Framework Selection Priority:

BitFlow uses a two-tier priority system for optimal log parsing performance:

Priority 1 - Metadata-based Direct Routing (Recommended):
- When metadata.framework is specified, routes directly to framework parser
- Supports: tensorflow, tf, pytorch, torch, plain, console
- Case-insensitive matching
- 23% faster with 23% less memory allocation
Priority 2 - Content-based Detection:
- Falls back to pattern matching when no framework metadata provided
- Analyzes log message content to determine appropriate parser
- Maintains backward compatibility with existing edge nodes

Recommended Usage:


{
  "metadata": {
    "framework": "tensorflow", // Direct routing - optimal performance
    "log_type": "training",
    "phase": "train"
  }
}

4.1. Enhanced ML Training Logs

For machine learning training workflows, BitEdge nodes should categorize and enrich log messages to enable automatic metric extraction and training progress tracking.

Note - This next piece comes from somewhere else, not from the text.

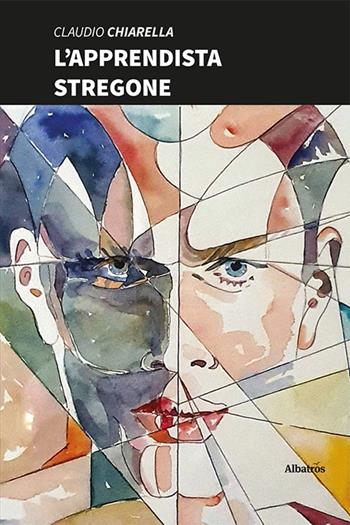 L'apprendista stregone - Claudio Chiarella - Libro Gruppo Albatros Il Filo 2021, Nuove voci. Tracce | Libraccio.it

ML Training Log Categories:

Training Logs (stream: "training_logs"):
- Training progress messages with epoch/step information
- Loss, accuracy, and other training metrics
- Learning rate schedules and optimizer updates
Validation Logs (stream: "validation_logs"):
- Validation metrics and performance scores
- Model evaluation results
- Early stopping indicators
System Logs (stream: "system_logs"):
- Resource usage notifications
- GPU memory allocation/deallocation
- Checkpoint save/load operations

Enhanced Training Log Example:


{
  "task_id": "task_1234567890",
  "run_id": "run_0987654321",
  "timestamp": "2024-01-15T10:45:35Z",
  "level": "info",
  "source": "stdout",
  "message": "Epoch 65/100 - loss: 0.087 - accuracy: 0.891 - val_loss: 0.092 - val_accuracy: 0.883 - lr: 0.0001",
  "stream": "training_logs",
  "metadata": {
    "framework": "tensorflow",
    "log_type": "training",
    "phase": "train",
    "container_id": "abc123",
    "step": 6500,
    "epoch": 65
  }
}

Metric Extraction Guidelines:

BitEdge nodes should format training logs to enable automatic metric extraction:

TensorFlow Format: Epoch 1/10 - loss: 0.5 - accuracy: 0.8 - val_loss: 0.6 - val_accuracy: 0.75
PyTorch Format: [Epoch 1/10] Train Loss: 0.5, Train Acc: 80.0%, Val Loss: 0.6, Val Acc: 75.0%
Custom Format: Include metric names with numeric values for easy parsing

Training Phase Indicators:

Use metadata.phase to indicate training phases:

train: Training phase metrics
validation: Validation/test phase metrics
test: Final evaluation metrics

5. Node Health Status

Queue: node.health
Routing Key: node.health.{datacenter_id}
Content-Type: application/json

Message Structure:


{
  "node_id": "edge-node-001",
  "datacenter_id": "edge-datacenter-1",
  "timestamp": "2024-01-15T10:30:00Z",
  "status": "healthy",
  "checks": {
    "rabbitmq": { "status": "ok", "latency_ms": 5 },
    "docker": { "status": "ok", "version": "24.0.7" },
    "resources": {
      "cpu_available": 85.3,
      "memory_available_gb": 28.5,
      "disk_available_gb": 450.2
    }
  },
  "capabilities": ["docker", "gpu", "high-memory"],
  "uptime_seconds": 86400
}

6. Node Performance Metrics

Queue: node.metrics
Routing Key: node.metrics.{datacenter_id}
Content-Type: application/json

Message Structure:


{
  "node_id": "edge-node-001",
  "datacenter_id": "edge-datacenter-1",
  "timestamp": "2024-01-15T10:30:00Z",
  "tasks_processed": 1247,
  "tasks_successful": 1198,
  "tasks_failed": 49,
  "average_execution_time_seconds": 3240.5,
  "resource_usage": {
    "cpu_percent": 45.2,
    "memory_used_gb": 12.8,
    "memory_total_gb": 64.0,
    "disk_used_gb": 125.3,
    "network_bytes_sent": 5368709120,
    "network_bytes_received": 10737418240
  }
}

Field Descriptions:

status: healthy | degraded | unhealthy | offline
Health messages should be sent every 30-60 seconds
Metrics messages should be sent every 5-10 minutes
Both message types help the API server monitor datacenter health

Status Update Mechanisms

BitEdge nodes should use message queues as the primary mechanism for reporting task status updates. HTTP callbacks are optional and supplementary.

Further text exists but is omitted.